Community Spring Cleaning week is here! Join your fellow Maveryx in digging through your old posts and marking comments on them as solved. Learn more here!

Data Science

Machine learning & data science for beginners and experts alike.
SydneyF
Alteryx Alumni (Retired)

During my time as a graduate student, I learned to be pretty cheap frugal. This is a habit I haven’t been entirely able to shake off. Fortunately, I believe I can leverage my learned thriftiness for good.

 

Learning a new skill or trade can be expensive. Luckily in the age of the internet, it doesn’t have to be. Here is an index of no-cost resources for learning data science concepts and skills. I hope you find them helpful!

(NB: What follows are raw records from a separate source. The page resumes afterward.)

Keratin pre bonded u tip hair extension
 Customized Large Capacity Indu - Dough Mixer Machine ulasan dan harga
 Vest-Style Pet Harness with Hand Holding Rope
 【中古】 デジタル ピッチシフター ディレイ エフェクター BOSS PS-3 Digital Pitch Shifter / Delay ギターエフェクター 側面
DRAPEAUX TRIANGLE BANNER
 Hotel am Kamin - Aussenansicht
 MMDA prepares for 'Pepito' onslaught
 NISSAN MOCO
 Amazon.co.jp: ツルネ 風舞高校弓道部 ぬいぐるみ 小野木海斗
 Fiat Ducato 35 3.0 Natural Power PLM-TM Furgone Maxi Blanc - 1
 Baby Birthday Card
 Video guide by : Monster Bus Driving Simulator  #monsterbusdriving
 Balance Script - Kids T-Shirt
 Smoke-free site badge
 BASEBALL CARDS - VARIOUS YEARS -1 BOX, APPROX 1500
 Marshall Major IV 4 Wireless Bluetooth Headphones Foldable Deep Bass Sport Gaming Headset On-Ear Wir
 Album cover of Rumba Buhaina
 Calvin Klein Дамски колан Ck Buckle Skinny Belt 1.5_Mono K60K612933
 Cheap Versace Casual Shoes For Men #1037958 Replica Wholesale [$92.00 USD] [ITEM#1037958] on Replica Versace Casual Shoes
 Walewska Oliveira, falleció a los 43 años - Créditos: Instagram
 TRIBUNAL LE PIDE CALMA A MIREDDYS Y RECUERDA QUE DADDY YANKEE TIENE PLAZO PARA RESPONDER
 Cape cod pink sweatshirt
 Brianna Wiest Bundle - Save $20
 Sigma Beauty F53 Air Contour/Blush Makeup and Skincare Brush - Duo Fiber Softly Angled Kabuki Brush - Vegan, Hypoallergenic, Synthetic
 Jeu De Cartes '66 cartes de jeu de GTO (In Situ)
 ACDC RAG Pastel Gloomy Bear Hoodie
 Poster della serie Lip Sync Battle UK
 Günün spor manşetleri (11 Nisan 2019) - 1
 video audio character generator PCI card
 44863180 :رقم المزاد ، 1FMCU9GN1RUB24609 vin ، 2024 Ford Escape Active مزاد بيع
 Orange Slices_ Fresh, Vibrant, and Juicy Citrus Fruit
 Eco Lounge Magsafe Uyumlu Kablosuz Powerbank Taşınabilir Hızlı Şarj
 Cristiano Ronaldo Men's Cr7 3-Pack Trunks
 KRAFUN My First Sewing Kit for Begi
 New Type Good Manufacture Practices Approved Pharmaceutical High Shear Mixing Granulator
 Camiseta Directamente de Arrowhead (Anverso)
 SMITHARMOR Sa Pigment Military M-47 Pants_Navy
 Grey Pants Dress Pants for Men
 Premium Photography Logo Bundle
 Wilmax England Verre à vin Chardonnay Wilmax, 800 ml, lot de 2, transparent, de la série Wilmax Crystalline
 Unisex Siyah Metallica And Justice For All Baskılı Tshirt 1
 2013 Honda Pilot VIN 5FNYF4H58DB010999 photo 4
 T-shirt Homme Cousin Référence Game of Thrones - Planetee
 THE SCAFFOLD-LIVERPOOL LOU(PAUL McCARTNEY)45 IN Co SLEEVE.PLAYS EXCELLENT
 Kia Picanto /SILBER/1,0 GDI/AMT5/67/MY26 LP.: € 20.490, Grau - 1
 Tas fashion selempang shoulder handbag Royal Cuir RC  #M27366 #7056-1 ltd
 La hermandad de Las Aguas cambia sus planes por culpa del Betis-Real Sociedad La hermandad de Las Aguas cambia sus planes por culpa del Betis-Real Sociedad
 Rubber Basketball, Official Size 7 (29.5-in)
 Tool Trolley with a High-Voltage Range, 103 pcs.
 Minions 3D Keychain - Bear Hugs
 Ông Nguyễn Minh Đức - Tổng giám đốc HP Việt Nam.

lecture.pngCourses in Mathematics, Machine Learning, Programming, and Data Science

 

Having a solid foundation in mathematics and computer science will only make you a stronger analyst and data scientist. If you need to brush up on some concepts, or even get exposed to them for the first time, many companies and universities have posted courses around mathematics and machine learning. 

 

MIT’s Open Courseware is a massive library of many different courses taught at MIT. Many of the classes can be very useful for brushing up on mathematics and computer science. There are two sections of courses particularly worth checking out.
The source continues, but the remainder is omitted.